Records from a dataset
• • • • •

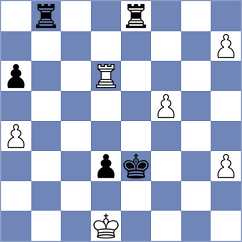 Shymanskyi - Arslanov (chess.com INT, 2025)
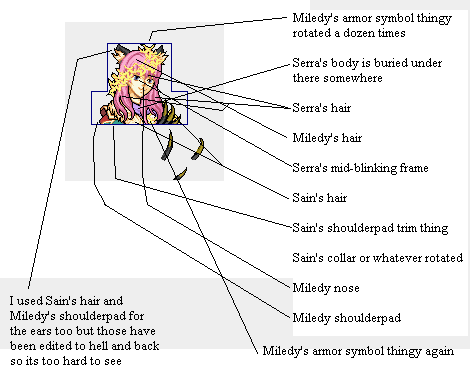 user posted image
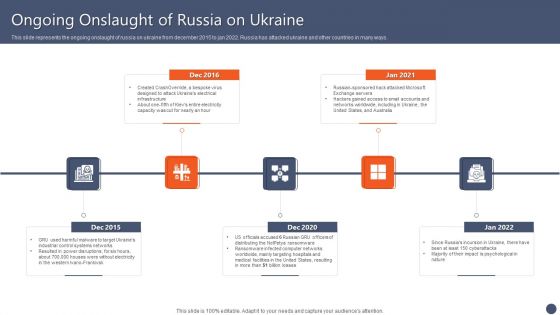 Series Of Cyber Security Attacks Against Ukraine 2022 Ongoing Onslaught Of Russia On Ukraine Introduction PDF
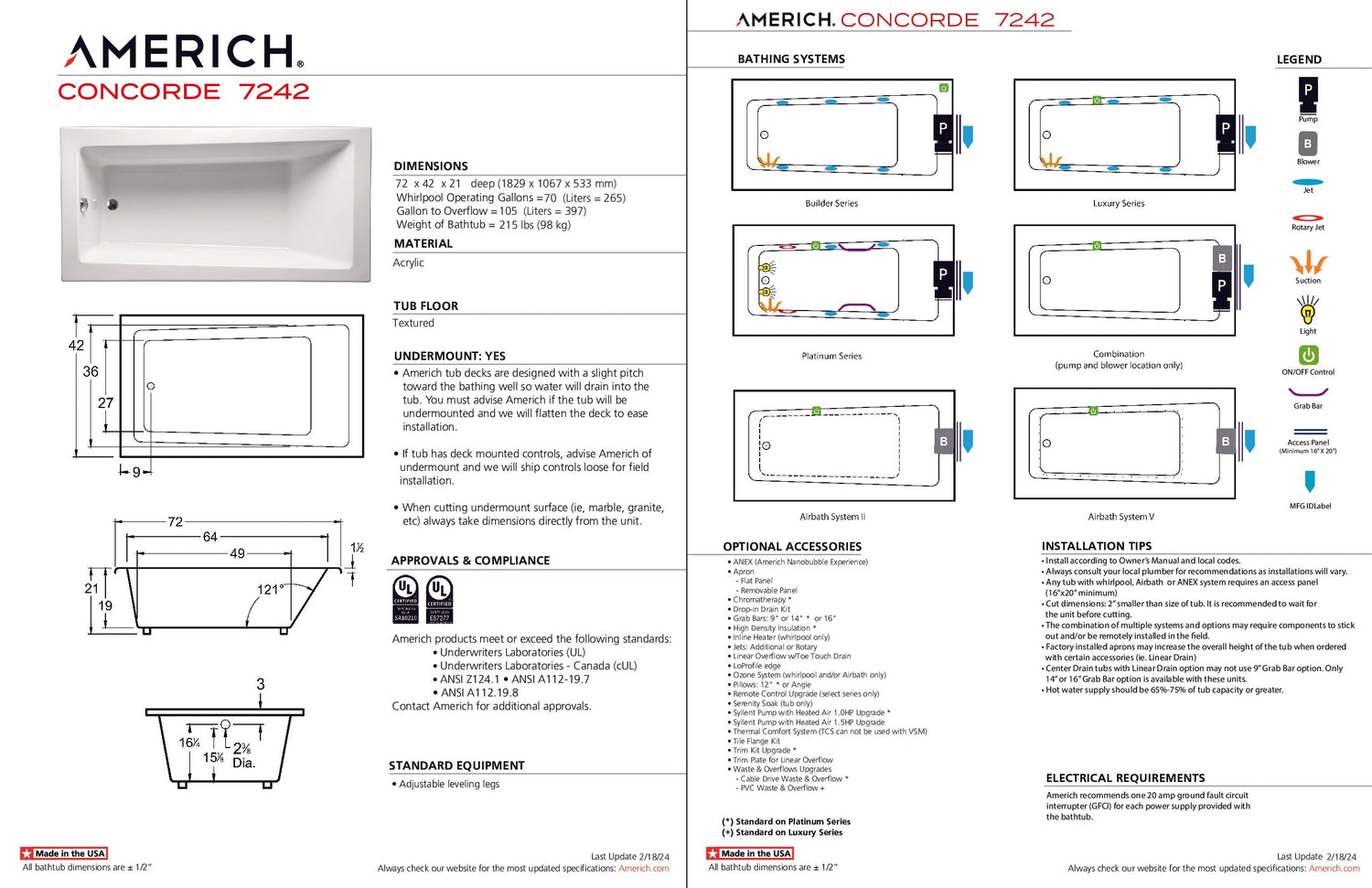 Americh CN7242TA5-BI Concorde 7242 - Tub Only / Airbath 5 - Biscuit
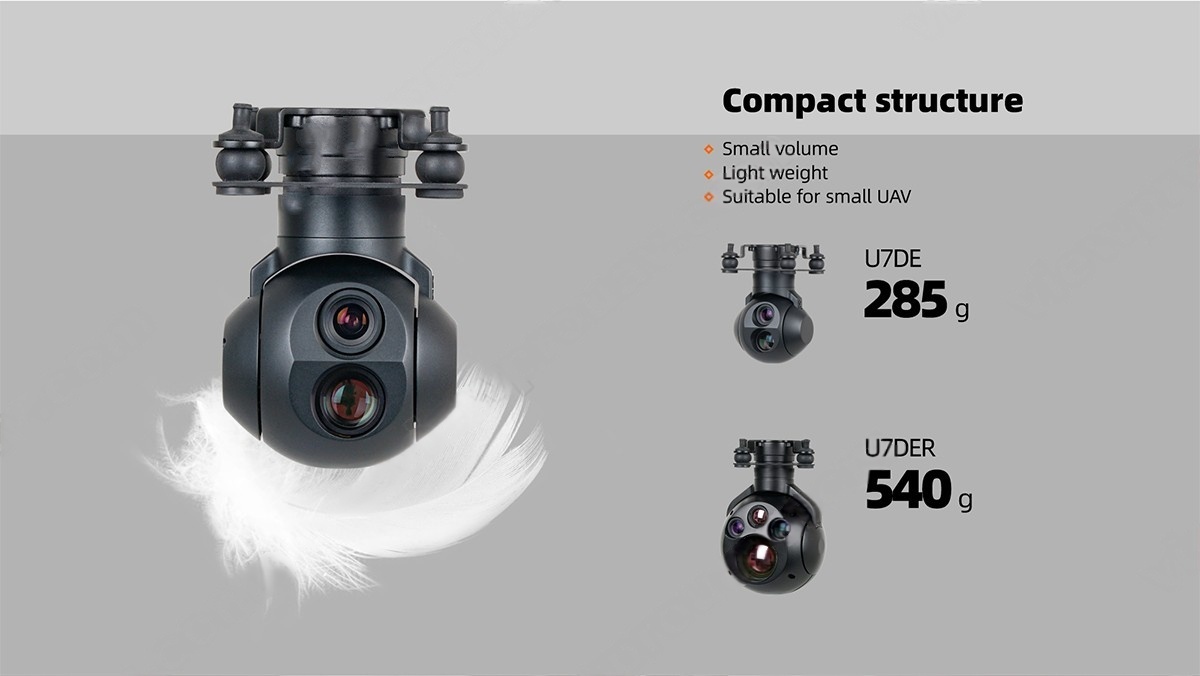 China Moneypro M7DER /M7DE Micro Prime Lens Dual EO/IR Object Tracking Gimbal Camera for Surveillance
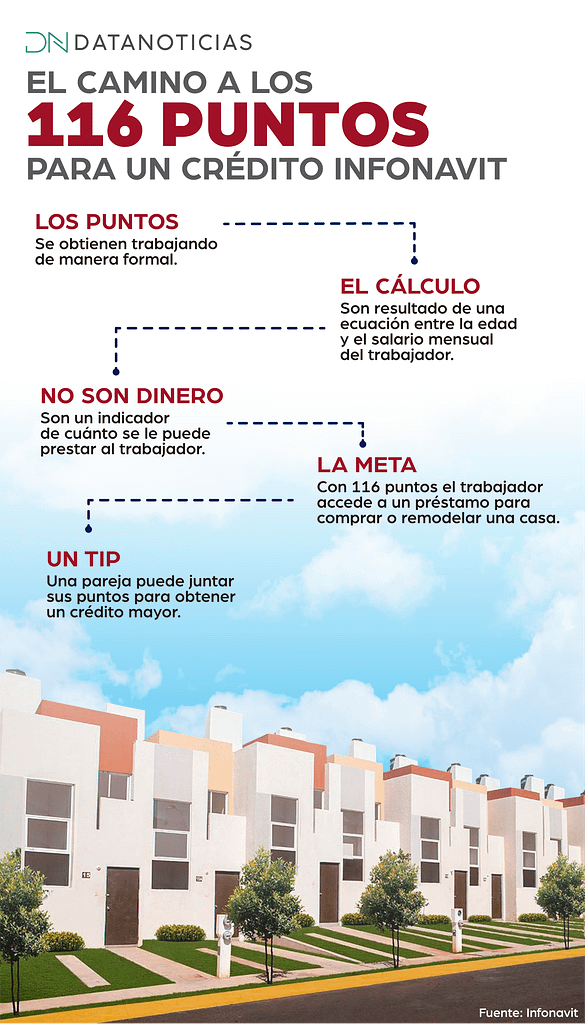 Requisitos Invi 2020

• • • • •

**Work request:**
Please copy the data above word for word, but only from the line that contains "China Moneypro M7DER" through the final line, both included, and without the pictures.

**Output below:**
 China Moneypro M7DER /M7DE Micro Prime Lens Dual EO/IR Object Tracking Gimbal Camera for Surveillance
 Requisitos Invi 2020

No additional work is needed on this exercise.